Chapter One Felicity
Can someone love and hate a city all at once? The new chill of winter blows, hitting my cheeks as I stand on the balcony of my father’s condo in the middle of Manhattan while his Thanksgiving party rages on the other side of the building. More than fifty people came to celebrate and drink until God knows when. I know maybe five people at the party and tried to make an escape.
It’s only been my father and me for years, and I know he feels the need to make holidays bigger than they really are for us. I’d rather spend that day with just the two of us. I don’t like being around a lot of people, and the party below makes me uneasy in my own home. Even more so when I don’t even really know the people. My father, being a top lawyer in New York, has a lot of people in and out of his life. New faces always seem to be popping up.
I’m only here for a few days before I’m back off to university once again, but this has been the pattern for the last eight years. I come home from boarding school or uni to a list of things or events that we will do or he’d like me to do, never really giving us much time alone. It’s almost like my father fears the silence between us. I know he loves me. I’m just not sure he knows what to do with me. Sometimes when he looks at me, I wonder if he only sees my mother. A woman I know he cares nothing for. Maybe even hates, though he tries to pretend he doesn't.
Placing my hand on the clear glass railing of the balcony I look over the edge to the people hustling down the street below, on their way to anywhere and everywhere.

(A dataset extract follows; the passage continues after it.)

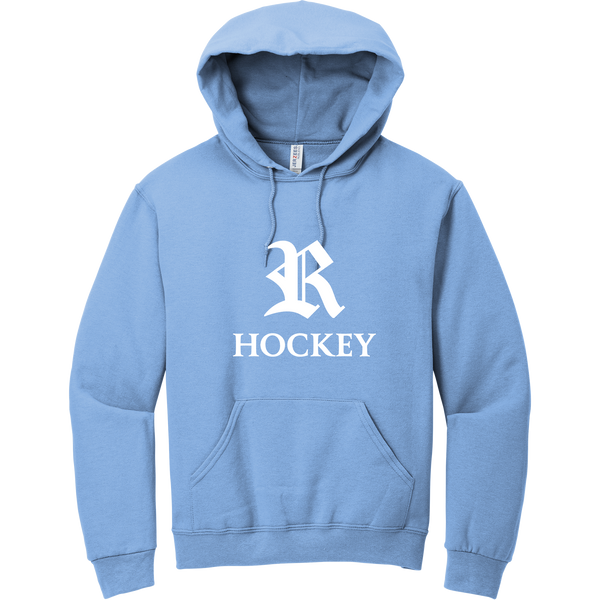 Randolph Hockey Pullover Hooded Sweatshirt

I lift my violin to my collarbone, holding it in my left hand, resting my face on the side as I let my eyes fall closed. The music flows, drowning out the sounds of the city, and the tension leaves my body. This is the one place I feel like I can play for an audience, something I’ve never really wanted to do. Do I love to play? Yes, more than anything. But I never felt the need to do it for others. My father says it’s because I’m shy, which is true, but I don’t think that’s what really stops me. It feels intimate. I pour more into my music than I want to share with just anyone.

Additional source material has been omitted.